This is one of a series of reports that has been prepared to support the 2007-2009 update of the Fremont General Plan. It presents an inventory of environmental hazards in Fremont and provides the technical foundation for the state-mandated Safety and Noise Elements of the General Plan.

Government Code Section 65302 (g) requires each California city and county to adopt a general plan element addressing the “protection of the community from any unreasonable risks associated with the effects of seismically induced surface rupture, ground failure, tsunami, seiche, and dam failure; slope instability leading to mudslides and landslides, subsidence, liquefaction, and other seismic hazards…other geologic hazards; flooding; and wildland and urban fires.” Safety elements must also address evacuation routes, peak-load water supply requirements and minimum road widths and clearances around structures, to the extent these issues relate to identified fire and geologic hazards. In addition, Section 65302 (f) requires a “noise element” which identifies and appraises noise originating from freeways, highways, other streets, railroads, airports, industry, and stationary noise sources. A noise contour map must be prepared as part of this element.

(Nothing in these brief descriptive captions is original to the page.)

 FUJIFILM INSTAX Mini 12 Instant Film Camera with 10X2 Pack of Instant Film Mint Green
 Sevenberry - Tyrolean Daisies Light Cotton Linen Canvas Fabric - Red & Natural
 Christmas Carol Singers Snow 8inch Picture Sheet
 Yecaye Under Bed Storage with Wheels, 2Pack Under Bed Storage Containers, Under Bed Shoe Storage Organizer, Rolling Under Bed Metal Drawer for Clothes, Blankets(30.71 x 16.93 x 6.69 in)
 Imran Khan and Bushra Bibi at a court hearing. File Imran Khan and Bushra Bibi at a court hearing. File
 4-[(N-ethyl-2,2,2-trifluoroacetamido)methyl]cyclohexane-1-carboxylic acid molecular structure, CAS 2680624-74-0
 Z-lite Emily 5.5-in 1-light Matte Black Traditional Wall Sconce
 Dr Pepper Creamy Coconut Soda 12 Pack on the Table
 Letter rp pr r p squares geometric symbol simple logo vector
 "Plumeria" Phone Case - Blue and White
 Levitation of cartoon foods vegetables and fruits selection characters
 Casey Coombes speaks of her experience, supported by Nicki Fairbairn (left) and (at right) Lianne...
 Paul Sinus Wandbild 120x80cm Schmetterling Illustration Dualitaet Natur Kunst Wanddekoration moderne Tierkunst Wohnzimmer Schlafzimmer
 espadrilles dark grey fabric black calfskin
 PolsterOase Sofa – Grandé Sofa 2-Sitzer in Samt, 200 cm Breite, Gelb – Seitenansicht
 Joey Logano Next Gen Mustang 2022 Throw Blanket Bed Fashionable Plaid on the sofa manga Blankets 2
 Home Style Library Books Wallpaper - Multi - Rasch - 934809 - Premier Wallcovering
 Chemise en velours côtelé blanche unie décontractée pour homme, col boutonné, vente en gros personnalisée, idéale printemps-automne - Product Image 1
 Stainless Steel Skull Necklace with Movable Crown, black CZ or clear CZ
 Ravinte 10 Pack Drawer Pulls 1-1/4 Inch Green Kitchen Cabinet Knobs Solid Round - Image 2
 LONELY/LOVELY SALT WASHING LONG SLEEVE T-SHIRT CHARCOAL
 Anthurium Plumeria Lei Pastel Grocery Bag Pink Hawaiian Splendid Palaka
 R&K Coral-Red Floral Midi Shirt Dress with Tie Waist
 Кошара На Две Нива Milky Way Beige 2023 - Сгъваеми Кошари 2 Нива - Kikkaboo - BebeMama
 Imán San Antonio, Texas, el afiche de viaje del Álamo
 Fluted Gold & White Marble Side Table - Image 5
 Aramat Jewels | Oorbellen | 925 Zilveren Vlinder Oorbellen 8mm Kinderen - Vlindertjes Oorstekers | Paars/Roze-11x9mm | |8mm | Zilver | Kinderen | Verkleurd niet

Many California communities choose to combine the Safety and Noise Elements into a single element addressing “environmental hazards.” This was the approach taken by Fremont in 1991; Chapter 10 of the 1991 Plan is entitled “Health and Safety” and covers these mandated topics. Chapter 10 also addressed hazardous materials and emergency preparedness, since both of these issues are important to the health and safety of Fremont residents. Although air and water quality are also environmental hazards, they are addressesd in the Natural Resources Background Report rather than in the Health and Safety Background Report. However, as part of the General Plan update, the Air and Water Quality sections will be located in the updated Safety Element.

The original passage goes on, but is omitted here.